In 450 million-year-old volcanic rock located on a remote mountainside in northern Maine, scientists have found a significant concentration of rare earth elements and trace metals, worth billions of dollars, that are highly prized by the US defense, technology, and alternative energy industries.

It is still too early to determine whether the deposit should or could be mined despite stringent state regulations or its exact size and composition.

However, according to geologists, it may be comparable to deposits found in China and Australia, and one put the Pennington Mountain deposit's potential value in the billions of dollars.

Rare Earth Elements

Numerous products, ranging from simple night vision goggles to complex stealth technology, cellphones to flatscreen TVs, solar panels, electric vehicle batteries, and wind turbine generators, can be made using these rare earth elements along with trace metals of niobium and zirconium.

Conflicts between the local environmental effects of mining and the benefits to the world's climate achieved through the use of those mined materials have grown in Maine and across the country as a result of the use of trace metals and rare earth elements in renewable energy technologies.

Wang argued that the term "rare" is inaccurate because they are not rare; they are everywhere, but only in incredibly small amounts.

But finding a large concentration of rare earth elements in one location is rare.

Due to water quality regulations as well as the high costs of compliance, rare earth discoveries in the US have gone unexploited.

The only active rare earth mine in the US is Mountain Pass, located in the Mojave Desert of California.

Environmental Concerns

The landowner, Aroostook Timberlands LLC, is owned by J.D. Irving, a wealthy Canadian corporation with ties to the forestry, shipbuilding, and oil industries.

The company has previously shown that it is willing to engage in mining by attempting to access a zinc, copper, gold, and silver deposit located beneath nearby Bald Mountain.

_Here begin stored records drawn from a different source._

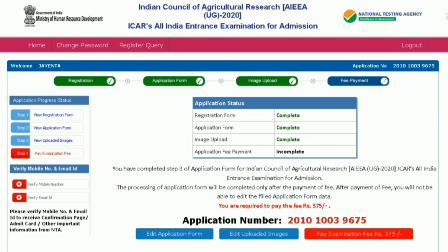After all this, press Pay Examination Fee. For General and unreserved category it is ₹750, and for SC/ST, physically challenged, and transgender candidates it is ₹375. You can pay the fees by debit card, credit card, or net banking. After payment, download the confirmation page. By this, your application process is completed. If you have any doubts, please comment below. Thanks for watching.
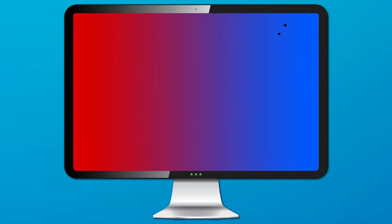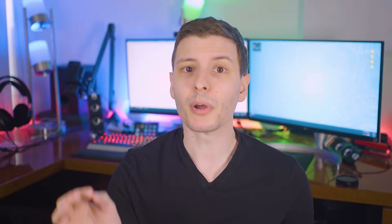If you have some stuck pixels on your monitor, you may be able to return it to the manufacturer, but only depending on how many there are. Manufacturers actually consider a certain number of dead and stuck pixels as normal for any panel, and different manufacturers will have different amounts they allow for different types and locations. For example, if you have one dead pixel in the far corner they're probably not going to replace it, but if you have a couple stuck pixels right in the middle of the screen you're more likely to get a replacement.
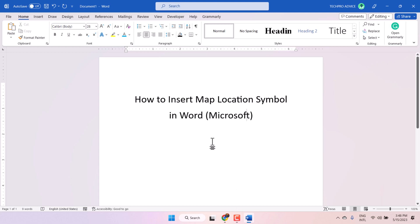Hello friends, in this video I will show you how to insert map location symbol in Microsoft Word document.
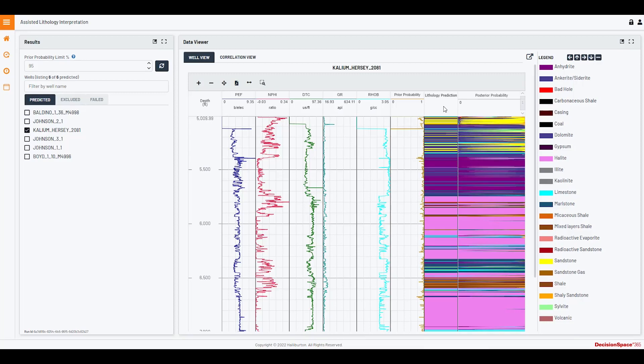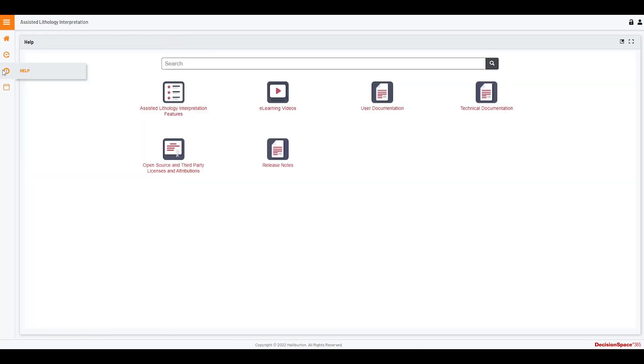In addition to providing predicted lithology outputs, the Assisted Lithology Interpretation application provides two measures of confidence in that prediction through its prior and posterior probability calculations.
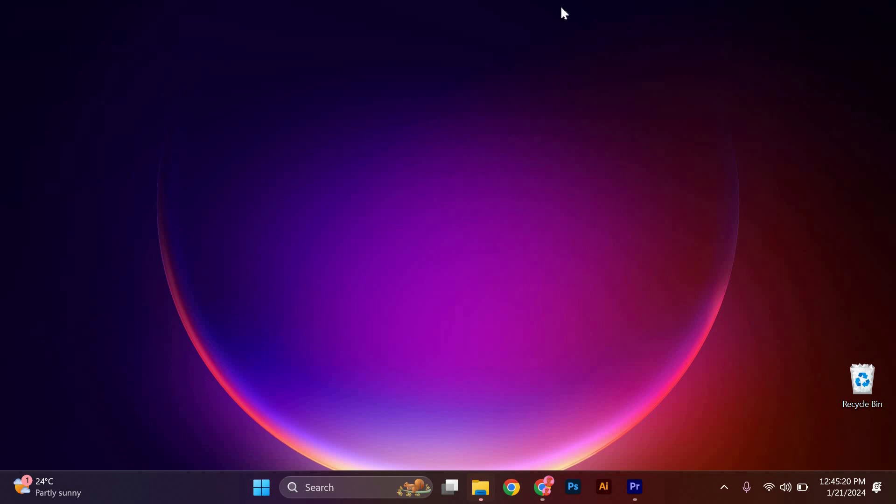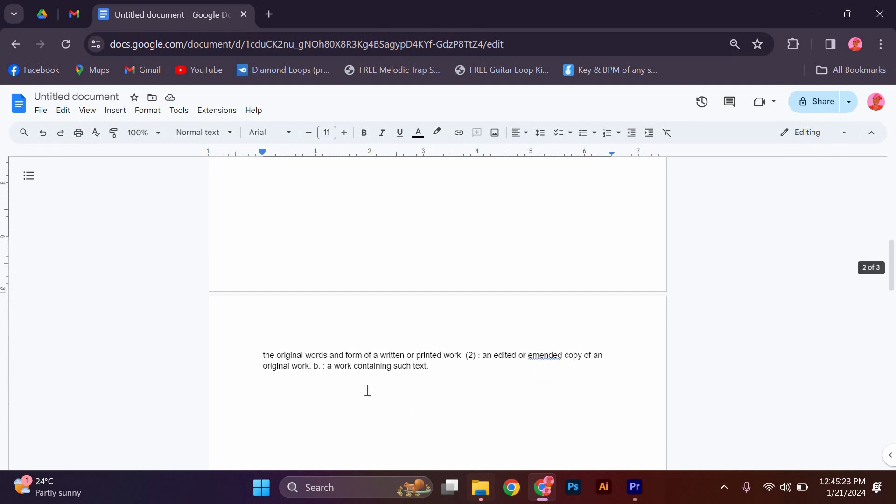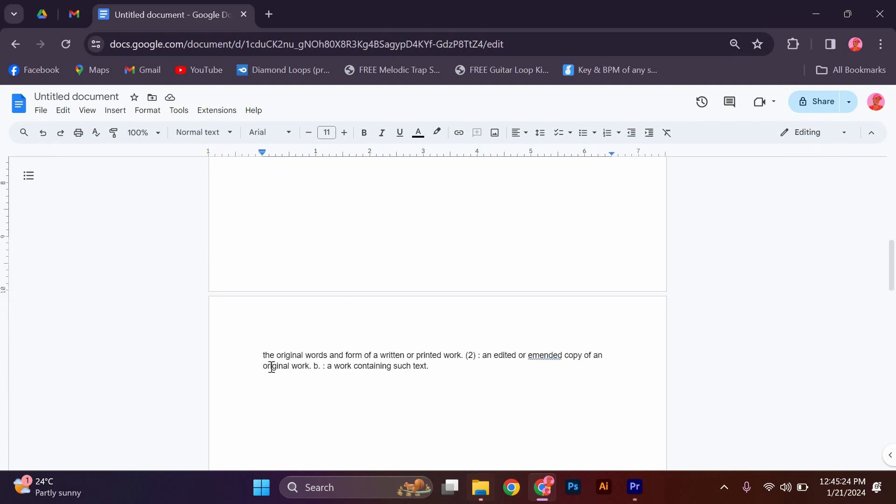The first step is to open the document in which you want to delete a page. Once you have the document open, navigate to the page you wish to remove.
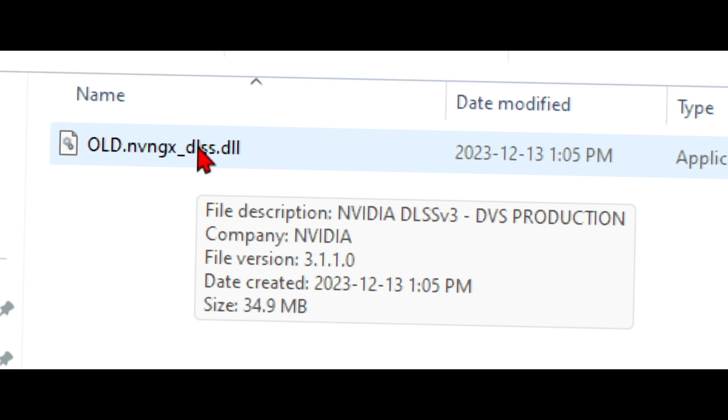You can see the old file for Ready or Not is version 3.110. So just make sure that you check to see which file version the game is using before you decide if you want to update it.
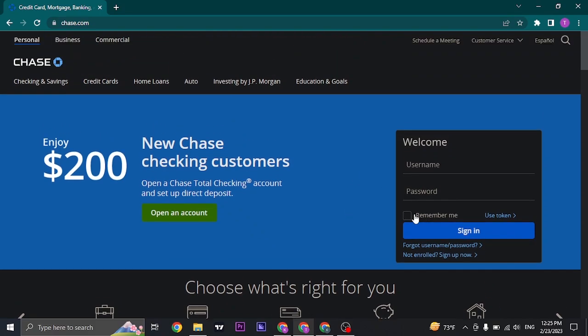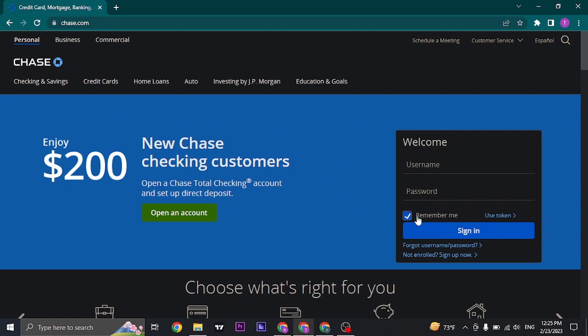And the last thing is if you want to stay logged in the next time you open up, make sure you check this box. But do not check this box if you're using someone else's device. If this is your own personal device, then you can check this box and then click on sign in.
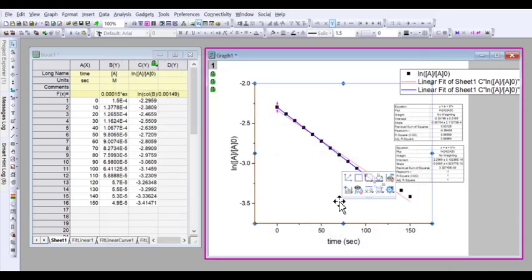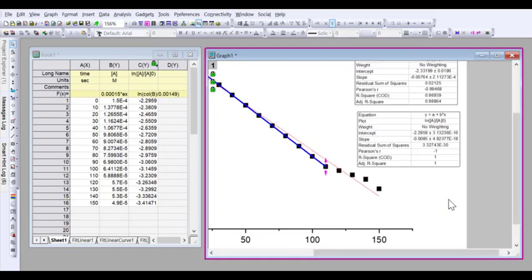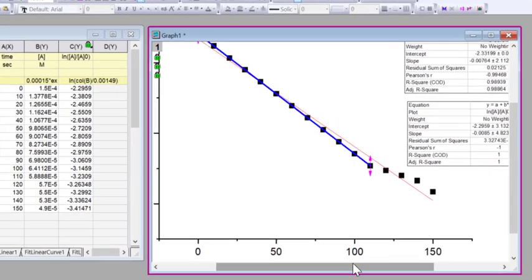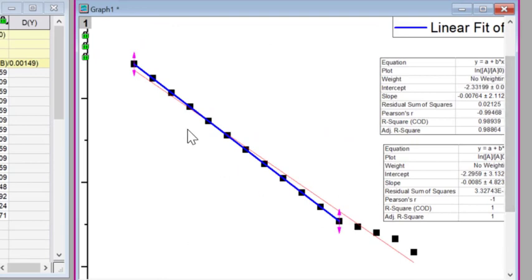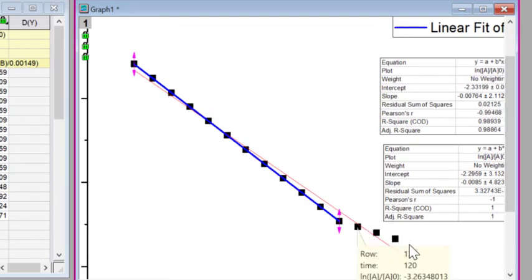What we can see is this second line is slightly steeper than the first because it's not being skewed away by these final few points.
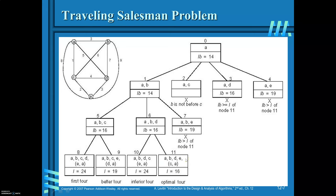This is how you can find the solution for the traveling salesman problem using the branch and bound design technique.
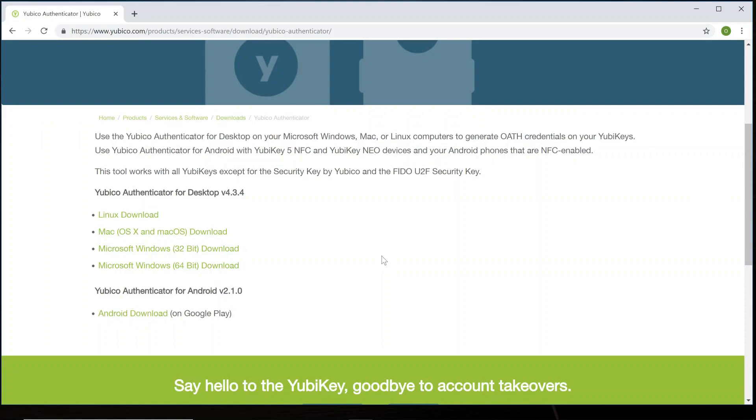go ahead and switch over to your mobile device. Go to the Google Play Store. And once there, type in Yubico Authenticator and download that app for your mobile device.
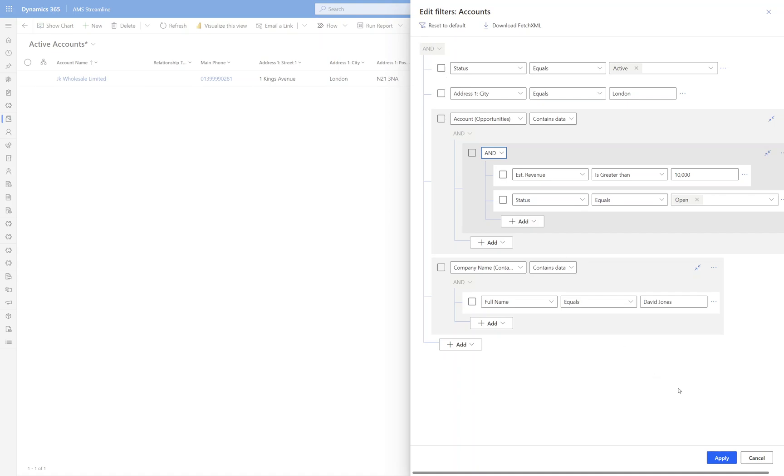So as you can see, huge amounts of functionality. You could do this against accounts, you could do it against contacts, working from the top level down. You could do it for opportunities. Find me any opportunities which are open where the quotes are less than £5,000 or greater than £10,000 or whatever the criteria are for your business. But it's a fantastic way to be able to interrogate your data and drill down through the different levels of child records within the system.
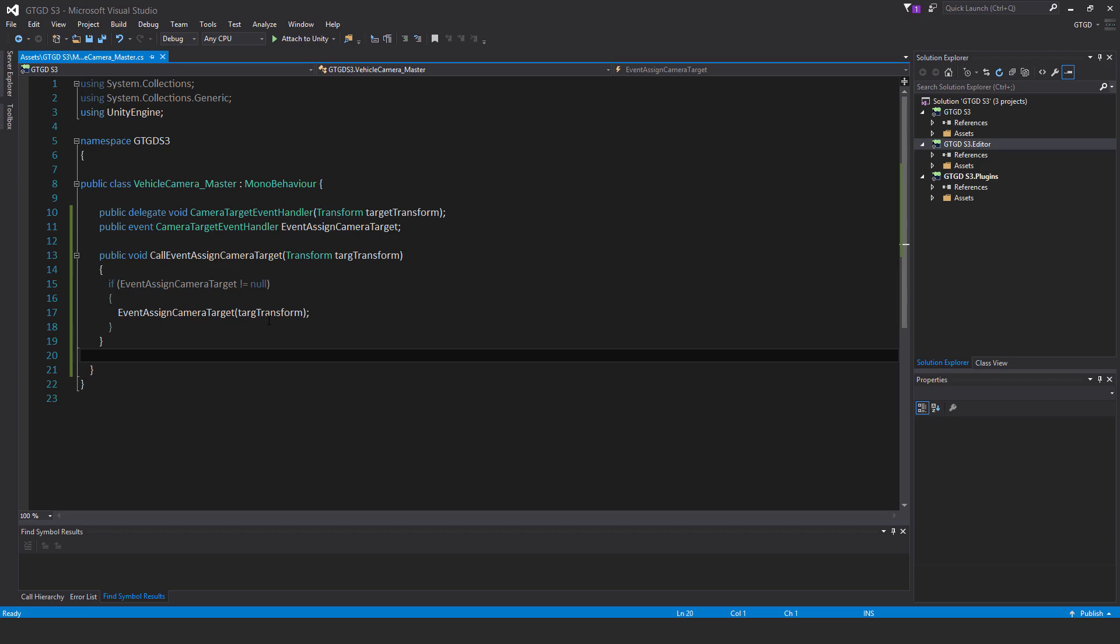It's just a nice way of assigning, telling the vehicle master script who that car is, what the car is that it should follow. And then it will pass that information along. So we'll write those other scripts now.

That effort fell short of the state's strict mining and water quality laws.

Pit mines, like the one planned for Bald Mountain, as well as a silver mine being considered by Wolfden Resources Corp. east of Baxter State Park, could expose sulfide-rich rocks that could contaminate groundwater.

The Ontario-based company's Wolfden project has been suspended after running into rezoning issues and some local opposition.

The state has thus far rejected a Newry couple's attempts to classify the extraction as something other than metal mining to obtain the permits required to mine lithium from a sizable $1.5 billion deposit in western Maine.

The production of rechargeable lithium-ion batteries for use in electric vehicles requires a lot of lithium.

Pennington Mountain

In a 2021 image taken during a radiometric and magnetic survey of a 3,800 square mile swath of northern Maine, the Pennington Mountain discovery appeared as a 100-acre radioactive hot spot glowing in bright red.

The Oxford lithium project in 2020, Pennington in 2021, and Aroostook district geologic mapping, which is in the second year of a three-year search for manganese, are the three focus areas in Maine that the USGS has so far funded.

To date, Maine is the only state in New England to receive funding for the $450,000 Earth MRI.

In October, geologist Chunzeng Wang traveled to Pennington Mountain armed with a hammer and a portable radiometric sensor to investigate the anomaly and gather samples.

After chemical analysis, samples sent to a lab in Nevada showed very high concentrations of trace metals like niobium, which is used to make gas turbines, jet engines, and MRI scanners.

It also contained zirconium, which is a heat-resistant metal used for superconducting magnets.

The samples also contained significant amounts of even more valuable rare earth elements and trace metals, such as dysprosium, gallium, and lanthanum, which are used in hydrogen fuel cells and electric vehicle batteries, respectively.

Dysprosium is used to make magnets essential in electric vehicles and wind turbine motors.

The Red Hot Spot

Wang thinks that Pennington's entire ridge is mineral-rich, but geophysicist Anji Shah, who was in charge of analyzing the survey images, is more cautious.

Only a few feet of the surface area was reached by handheld scanners.

Wang could only sample the rock outcroppings at the surface without digging.

According to Shah from the USGS, to ascertain the extent of the mineral deposits and the concentration of rare earth elements and metals within the mineral flakes woven throughout the rocks, more research is required at the site.

Such tests would be carried out by either the mineral exploration business or the landowner, Maine Public reported.

For the time being, the geologists are content to rejoice in their discovery, which started with an odd red hot spot on a radiometric image taken by a low-flying surveillance plane.

Shah pointed out that this finding demonstrates how much remains to be learned about the earth, the Press Herald noted.